* What is expected: For this exercise, please return exactly the line containing "Snapshot of sweetgirl4everr" and each line after it through the end of the records, with no pictures included.
::::::
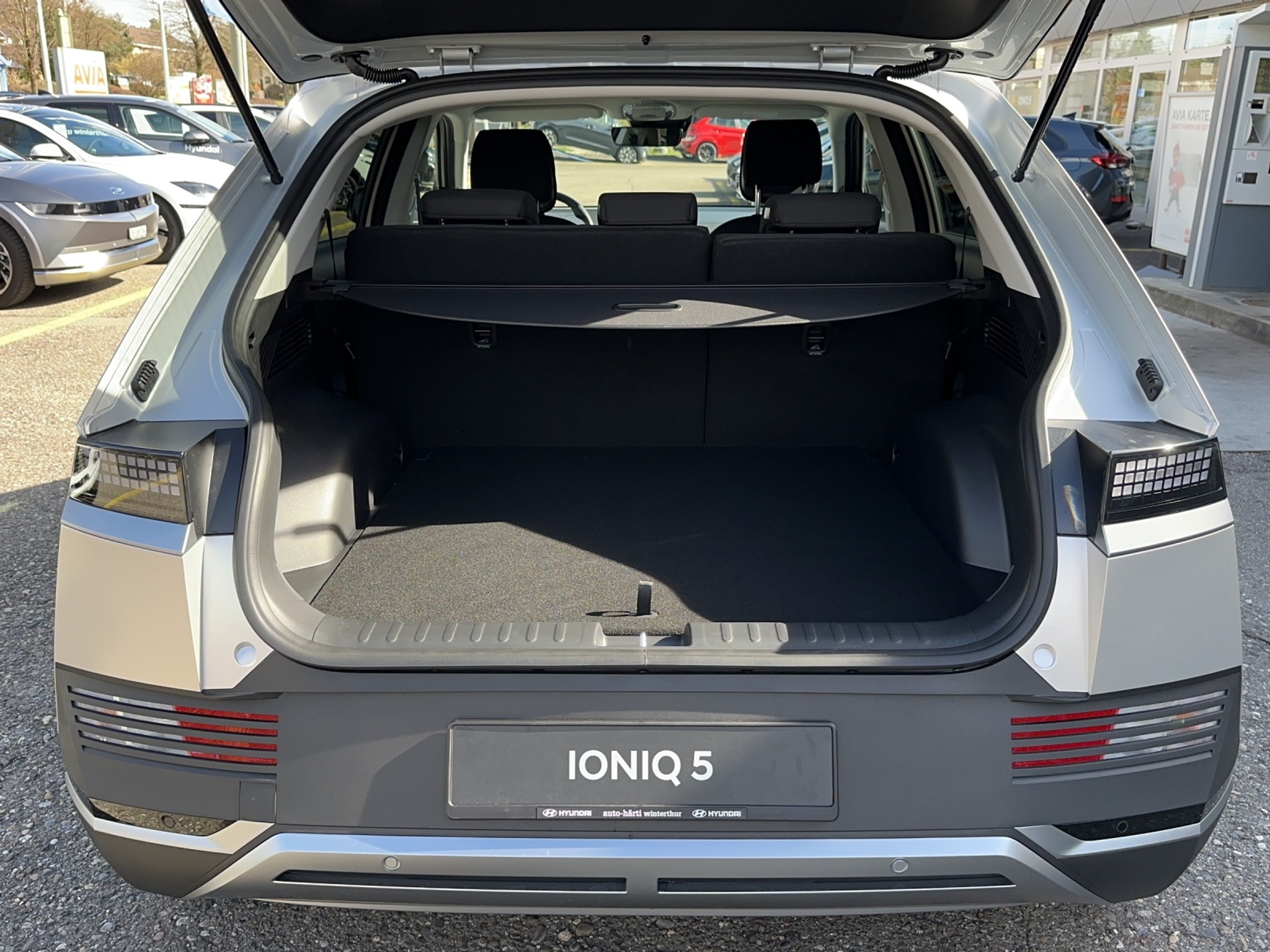 listing desktop thumbnail image 4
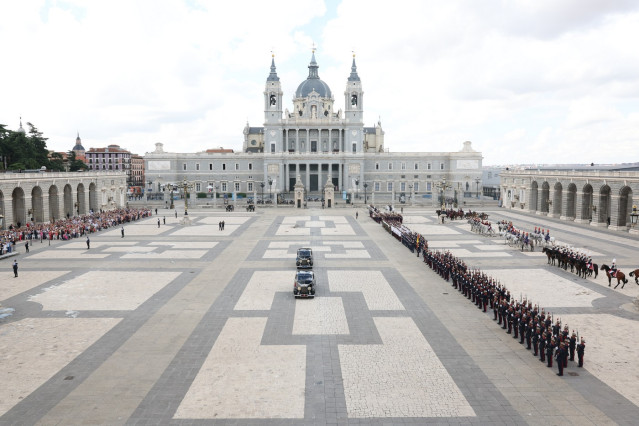 Vista general del relevo solemne de la Guardia Real desde balcón de la Plaza de Oriente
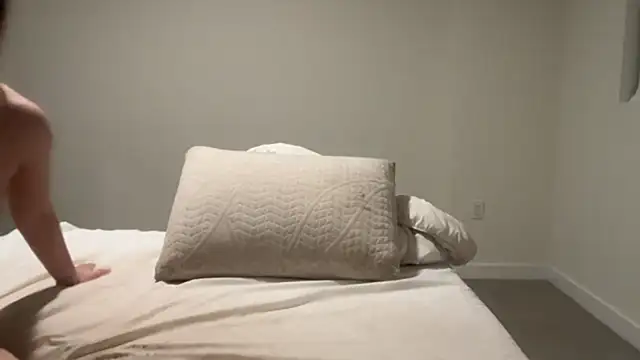 Snapshot of sweetgirl4everr chatting on September 2025 12:57:02 AM sweetgirl4everr online show from September 2025 12:57:02 AM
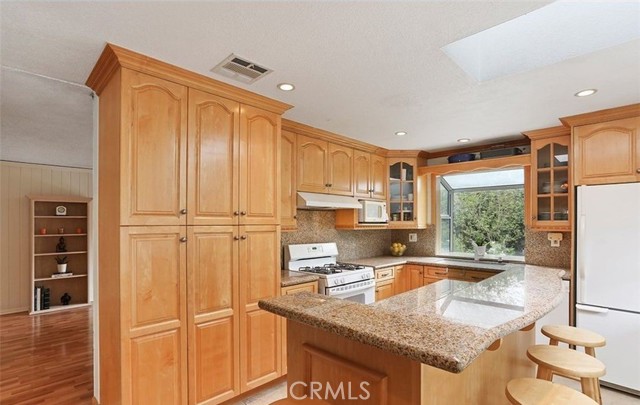 Detail Gallery Image 3 of 13 For 23733 Vanowen St, West Hills,  CA 91307 - 3 Beds | 2 Baths
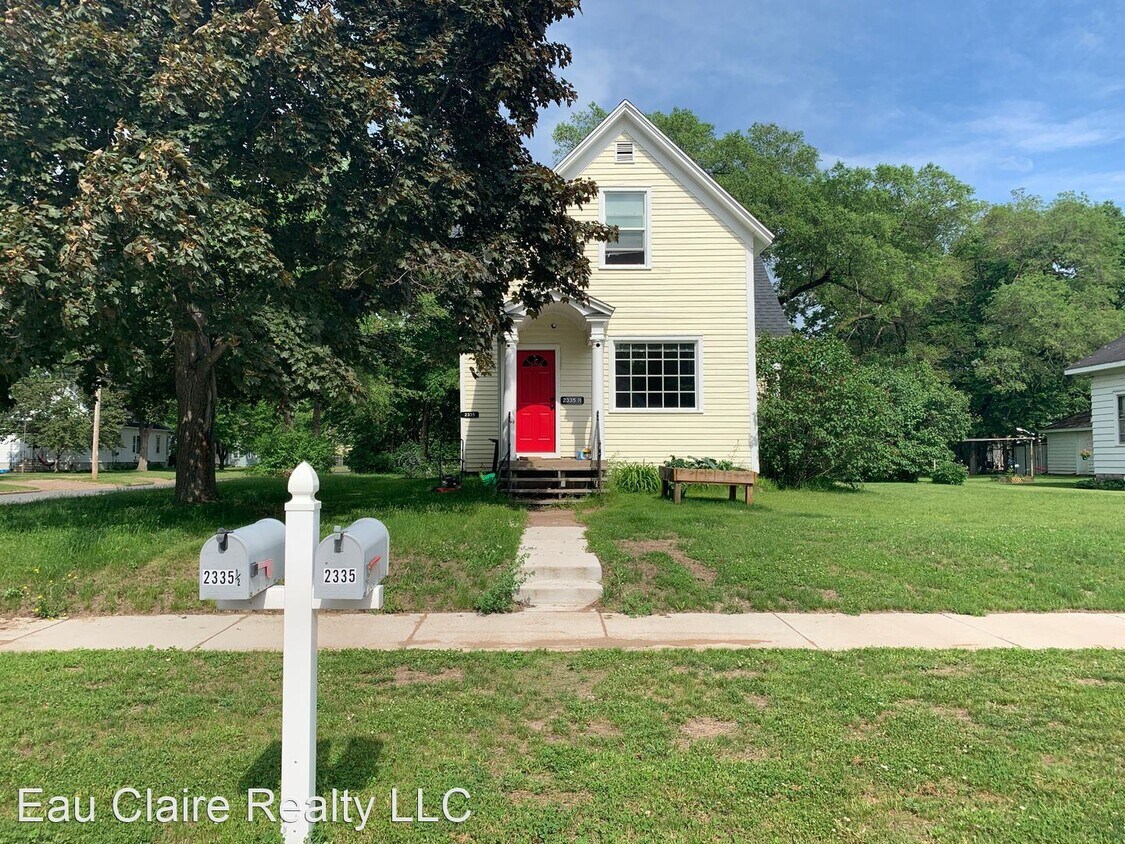 2335 5th St, Eau Claire, WI 54703 Room for Rent in Eau Claire, WI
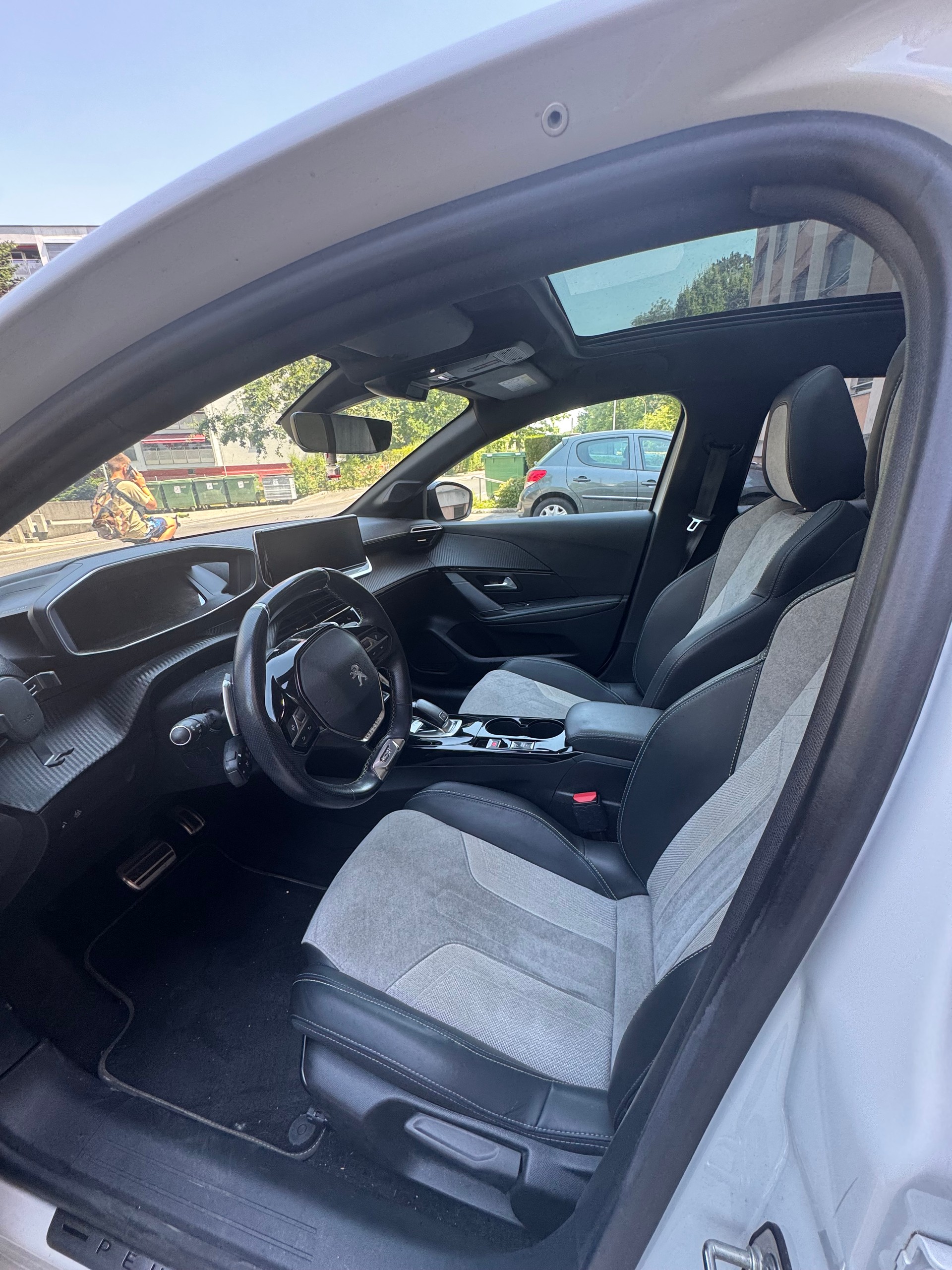 PEUGEOT 1.2 PureTech 130 GT-image-4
::::::
* Solution for this problem:
 Snapshot of sweetgirl4everr chatting on September 2025 12:57:02 AM sweetgirl4everr online show from September 2025 12:57:02 AM
 Detail Gallery Image 3 of 13 For 23733 Vanowen St, West Hills,  CA 91307 - 3 Beds | 2 Baths
 2335 5th St, Eau Claire, WI 54703 Room for Rent in Eau Claire, WI
 PEUGEOT 1.2 PureTech 130 GT-image-4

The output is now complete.